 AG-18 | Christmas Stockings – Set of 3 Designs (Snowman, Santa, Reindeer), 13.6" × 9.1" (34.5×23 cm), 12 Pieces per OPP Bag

---

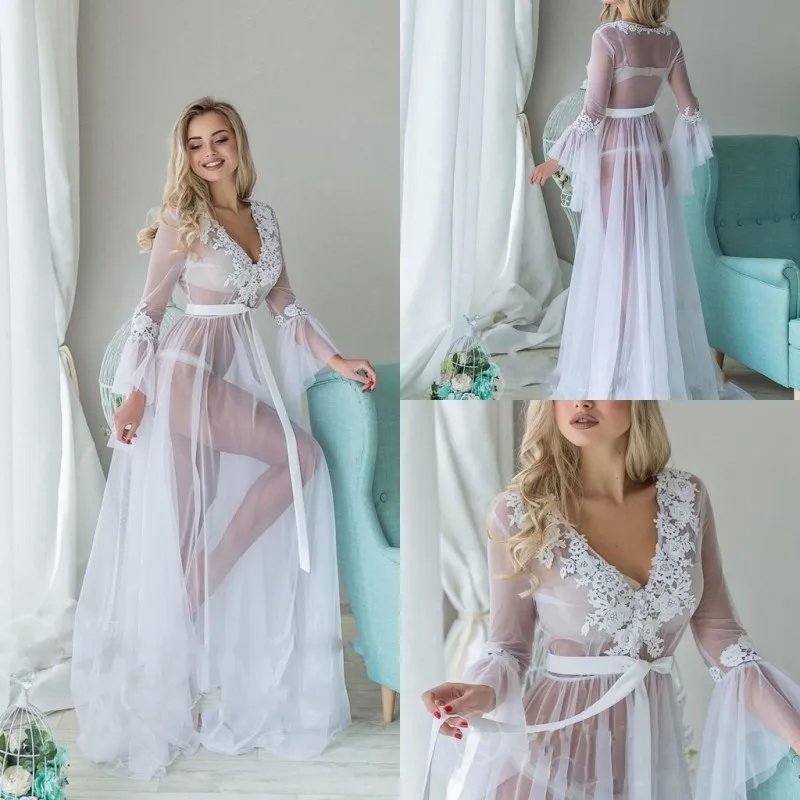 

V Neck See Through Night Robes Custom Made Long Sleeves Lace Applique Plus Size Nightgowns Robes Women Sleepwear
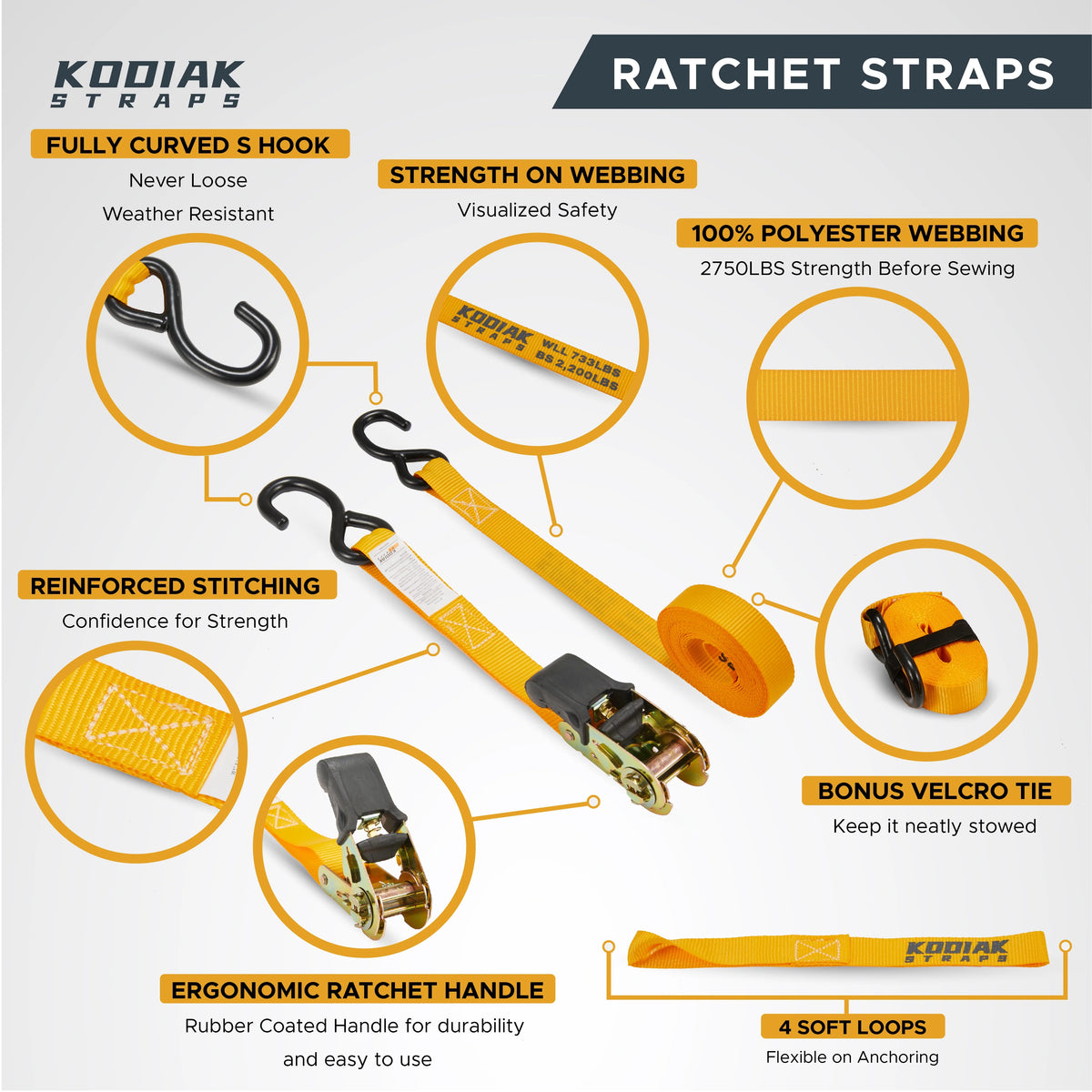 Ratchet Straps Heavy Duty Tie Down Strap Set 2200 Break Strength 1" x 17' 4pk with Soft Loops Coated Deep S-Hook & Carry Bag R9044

* _Problem to work on_
Return the material from the line containing "V Neck See Through" through the line containing "Ratchet Straps Heavy", exactly and in full, but without its pictures.

* _Exercise response_
V Neck See Through Night Robes Custom Made Long Sleeves Lace Applique Plus Size Nightgowns Robes Women Sleepwear
 Ratchet Straps Heavy Duty Tie Down Strap Set 2200 Break Strength 1" x 17' 4pk with Soft Loops Coated Deep S-Hook & Carry Bag R9044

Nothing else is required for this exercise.